Last month, I went to an amazing island in the east part of Indonesia’s archipelago. It was a work trip for one of my clients in order to do a survey for their upcoming campaign. It felt really good that I actually can departure to somewhere I'd never go to during my casual days. It makes me love my job a lil bit more.

For any of you who don’t know much about Indonesia, there is a place in this country called Nusa Tenggara Timur – in English it should be East Southeast Nusa (I guess). Not really sure about that. ANYWAY, I flew there using Garuda Airlines for 4-5 hours and landed on the El Tari International Airport in Kupang city. It was probably the smallest airport I’ve ever been.

First impression: Arid. And sizzling hot. Even from the plane window, I could see how dry and infertile the soil was. I can still remember the monologue inside my head going like, "Damn it. I thought this is going to be all tropically, beach-esque, and stuff. Look at those cracks on the ground!" Well, to be honest I kinda knew what I signed up for. It was just an inner voice that was still hoping for something that it wanted to happen. But that voice was totally wrong.

So, basically I was working for the whole trip; no time to relax. Like literally, I didn't get enough sleep for the whole 3 days. Or 4 days. I can't even remember.

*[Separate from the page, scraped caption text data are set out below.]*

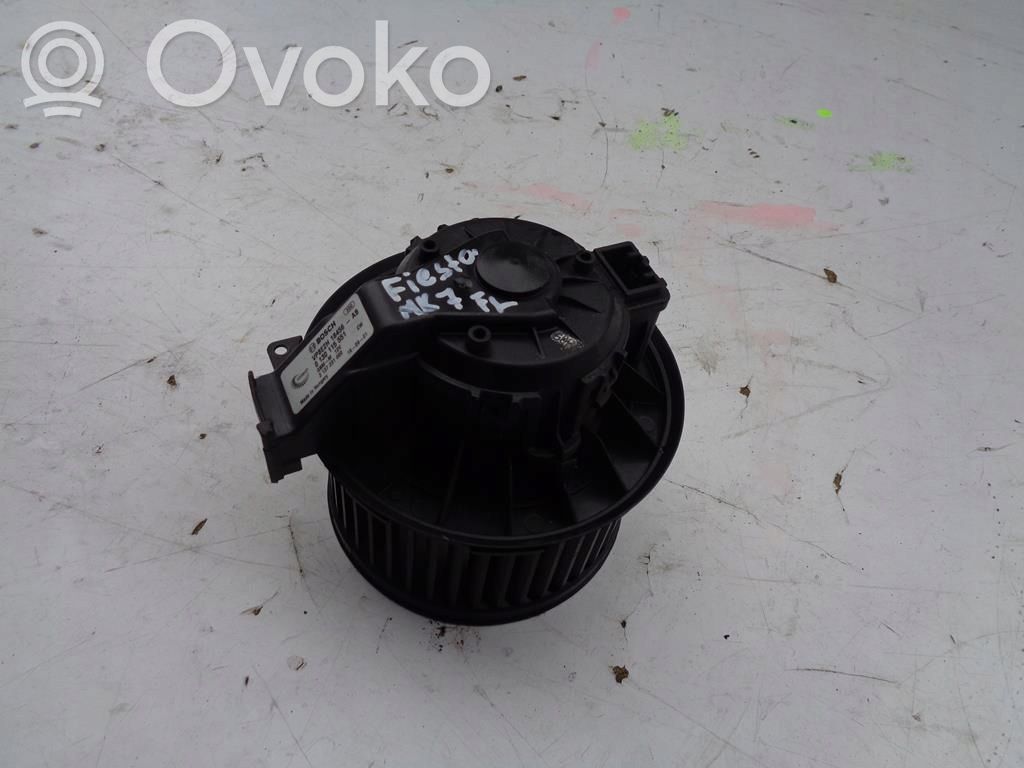 Ford Fiesta Ventilator aerotermă 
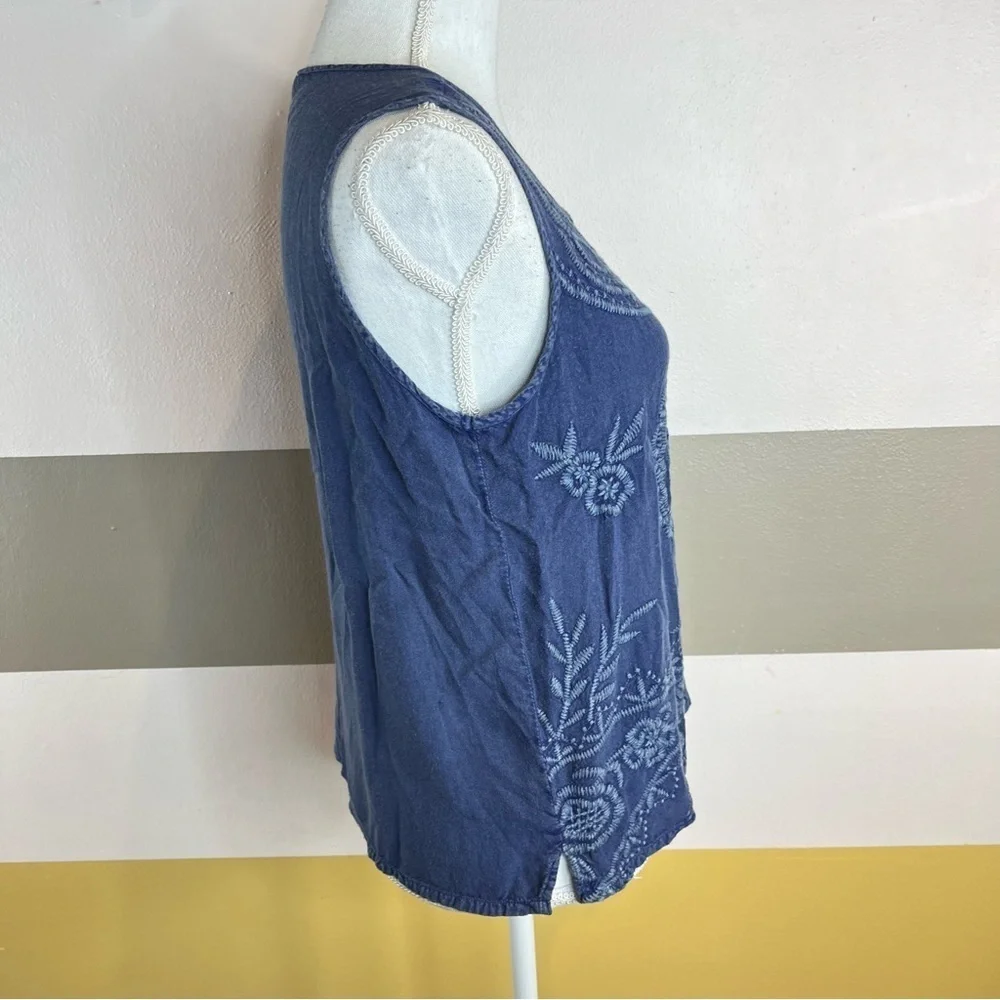 2/$25 Luna Moon Buckle Blue Chambray Denim Floral Boho Bohemian Western Tank Top - Picture 4 of 14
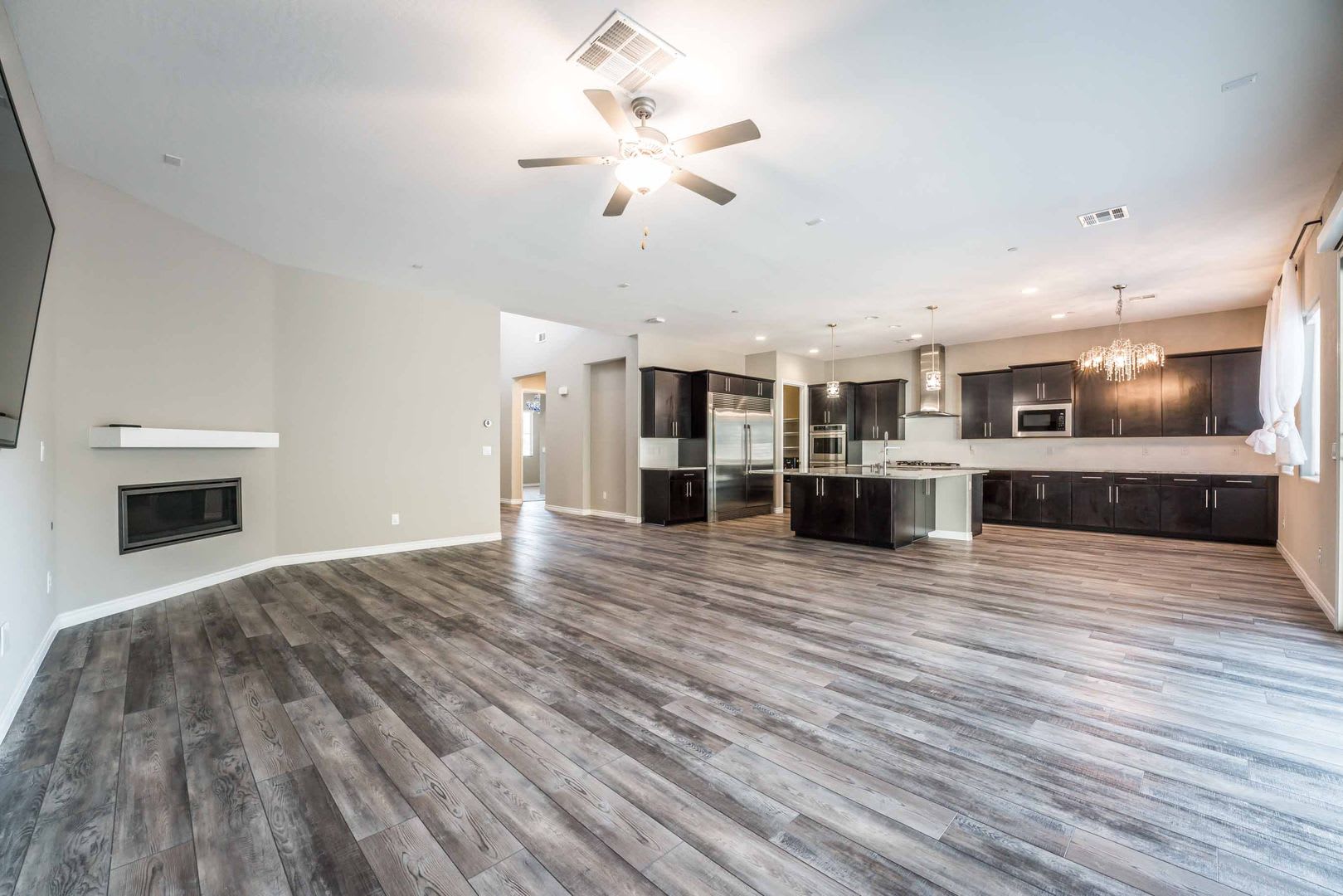 A stunning 4 Bedroom home nestled in the prestigious community in Henderson! – photo 5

That's how tired I was. Buuut, some parts of the work were so fun and adventurous.

There was a time where I had to print shitloads of papers in several different local photocopy stores cause the electricity went out. What a perfect time when we urgently needed them. I also got to meet  the local people and learned a bit of their language. Some dudes told me to try the most famous brothel houses and order the hookers. Appreciate the hospitality guys. :D

Apart from a few other culture-shocking experiences, the highlight of the trip was when I have to visit the remote village which was located 5-6 hours by car from the city, Kupang. The village is called Desa Bitobe - very small, small population, and definitely far from modern life.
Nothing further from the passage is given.